What You Need When Starting Out Sharpening


My basic sharpening setup
My basic sharpening setup

We frequently get asked about different methods of sharpening. The questions come both from beginners - "What's the best way to get started sharpening?" and more advanced woodworkers - "I only use water stones but I'm curious about diamond stones too." It sounds flippant, but the short answer is everything works. The long answer is it's a personal choice: whatever fits in your budget and answers the question of how you feel about how you want to work.

I do have two recommendations: The first is what I use for sharpening woodworking tools, a process I came to in a roundabout way. And the second is a good way of starting out. I'm also going to throw something at the end for carving tools.

If you follow what I've written about sharpening in the past, you know I consider a few factors: What is a sharp edge? What is the technology of sharpening? What is the technique of sharpening? I'm not going to address the first question at all here, click here for the answer. The last question of technique is very important, probably the most important part of the whole package, but the suggestions I have here are correct regardless of whether you sharpen freehand, use a guide, or anything in between.

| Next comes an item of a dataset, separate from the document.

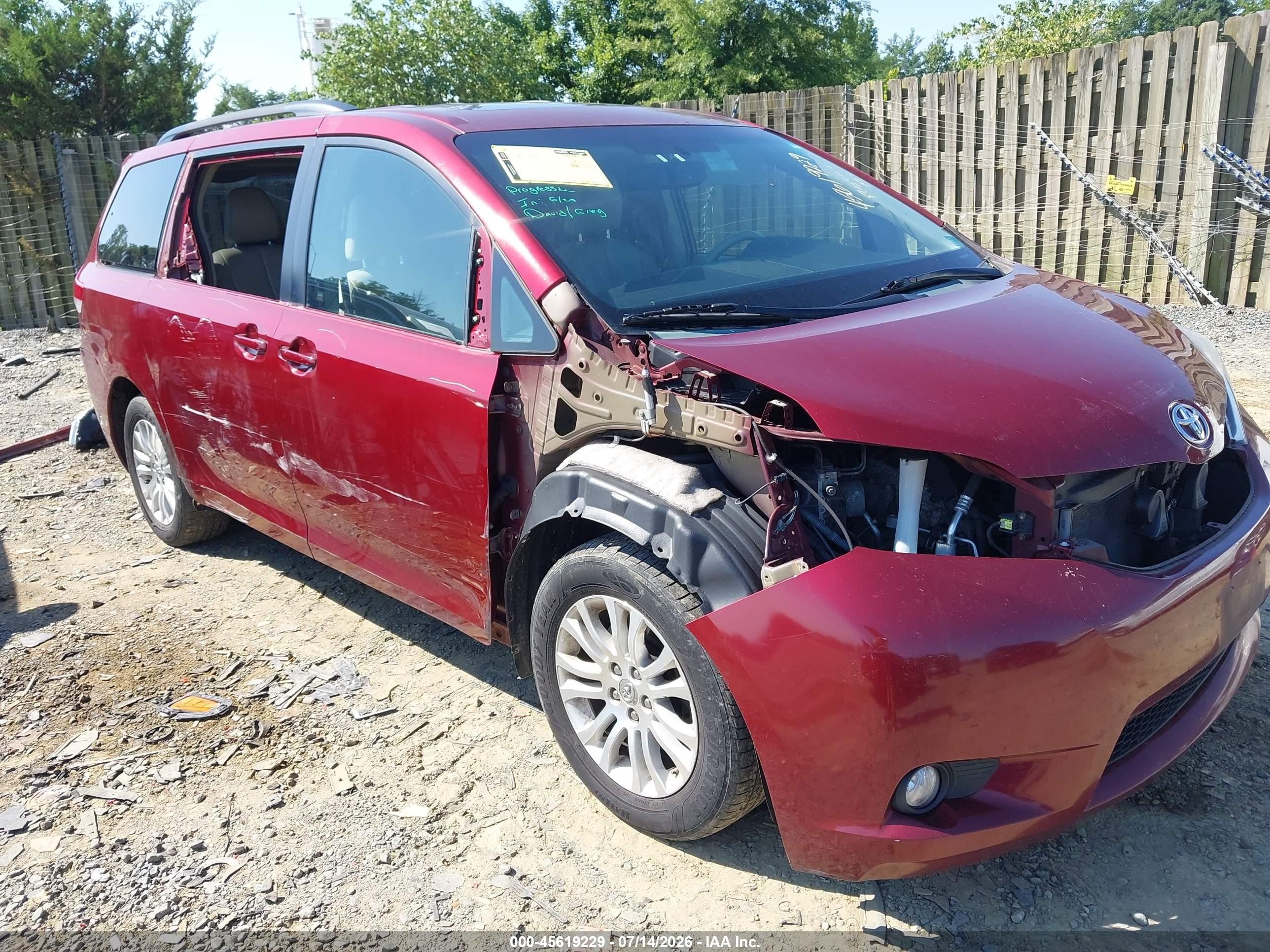 2012 Toyota Sienna Xle V6 8 Passenger Бордовый vin: 5TDYK3DC7CS268855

The basic setup I use currently is a fine diamond stone of at least 8 inches long, an extra-fine diamond stone of at least 8 inches long, and an 8,000 grit water stone. I think it is hard to get a consistent stroke with shorter stones. If you actually use the stones, the increased price for longer stones over their lifetime is nominal.

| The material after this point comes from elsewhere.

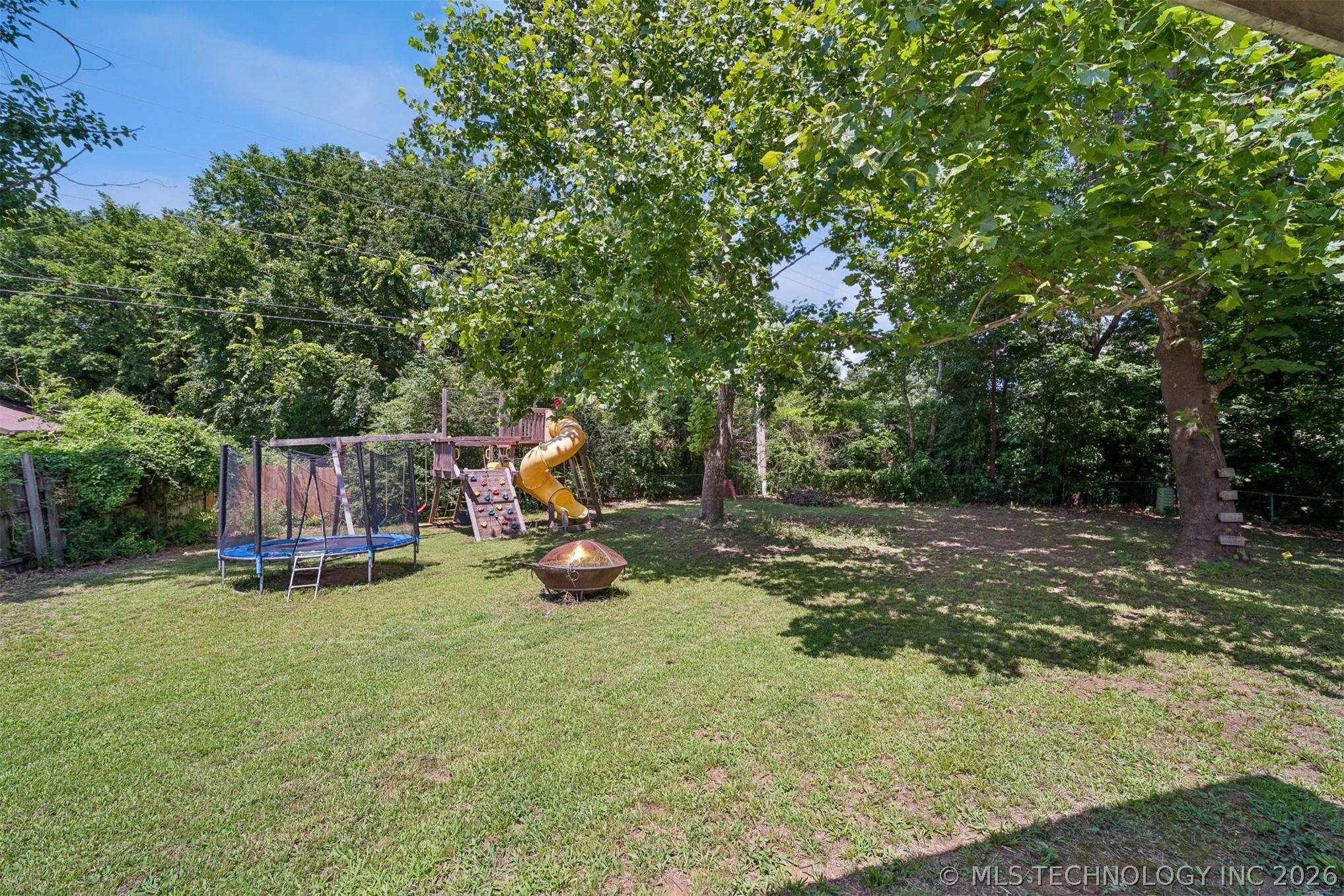1605 S Pine Avenue Property Photo 28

Any coarser diamond stone produces scratches that are really hard to remove, and unless the tool is a disaster, is really not needed. The 8000 grit water stone is to get the polished edge, simply because even the finest diamond stone isn't as fine as an 8000 grit water stone. I also recommend a plain leather strop with no honing compound because the compound is coarser than the 8000 grit stone (the compound is important for carving tools).

For diamond stones, we recommend and stock the DMT continous grit stones, which are diamonds on a flat steel plate. For an 8K stone we stock both Norton and Pride stones. Both are very nice.

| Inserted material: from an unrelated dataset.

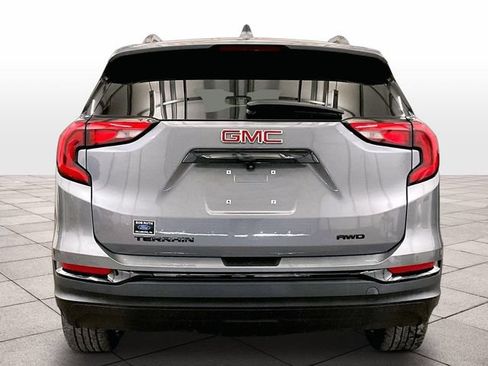 Used 2021 GMC Terrain SLT w/ Elevation Edition AWD/4WD image 4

When beginners tell me that that this set-up is a little bit too expensive for them starting out, I immediately suggest an alternative that also produces great results: peel and stick lapping abrasive film. We have a kit of two sheets each of 15 which was recommended years ago by Fine Woodworking and it works a treat. You just cut the material into strips, peel it off and stick it on something flat and go to town. What I like about this method it has the lowest cost of entry to get you a professional grade edge. (The film is also very popular for folks sharpening scissors and rounded tools for which they stick the film on dowels and the like.) As you do more woodworking, you might want to stick with the lapping film because it works very well; other people elect to invest in a stone sharpening system of one kind or another.

I don't really have a good answer for someone who has a chisel in terrible condition. Any decent chisel you buy from any of the quality retailers in the United States should have a pretty decently flat back. By flat, I mean that the area near the cutting edge is flat from left to right and at least 1/16" wide. Concave is fine. Convex is not. If you have to spend more than a couple minutes getting it into shape, there's a problem that you should discuss with the merchant. With used tools, you never know. I hollow grind all my tools because it makes my life better. It's also fast. You can get the grinder at big box stores for very little money, but replace the wheels to something good - either a coarse grit aluminum oxide wheel, or a CBN wheel. We stock the wonderful but very expensive US made Baldor grinder which isn't something you need on your first day. But I stress this for everybody who's starting out. A grinder is an essential woodworking tool and you will need one as you do more and more woodworking. But unless you're buying tools in remarkably poor condition, you don't need it right away. So don't panic.

Some caveats or tweaks on my choices. If you're sharpening carving tools, you may want to get a translucent Arkansas stone instead of an 8000 grit water stone. Hard Arkansas stones will resist grooving, which you get when you sharpen a lot of carving tools. But don't panic: it all works. For carving tools you'll also want some slip stones for the inside of a carving tools (or lapping film glued onto a sliver of wood), a strop and some honing compound.

I should mention that if somebody gives you a pile of water stones or Arkansas stones, they're probably perfectly fine and you don't need to buy anything.

Just remember, if you are an ancient Egyptian and you asked me for the same advice of how to sharpen you bronze tools, I would suggest a random stone and maybe a hammer to do some hammer hardening. It works. They built the pyramids out of stone.

The CBN wheel on my grinder
The CBN wheel on my grinder

Join the conversation
11/03/2022 Joseph Iannazzone
You convinced me to stop fearing my 6” grinder. After doing the math the effective wheel speed at the circumference is not that different from an 8” low speed grinder. I am still looking for a tool rest. The one pictured above looks effective and fuss free. Any leads on where to find it?
The tool rest in the picture is the cast Iron rest that came with the grinder. Sadly Baldor no longer makes a 6" grinder with cast iron rests. The vastly bigger and more expensive 8", which we stock still has cast iron rests.
The important thing in a grinder rest is that it is rigid and doesn't been when you apply pressure.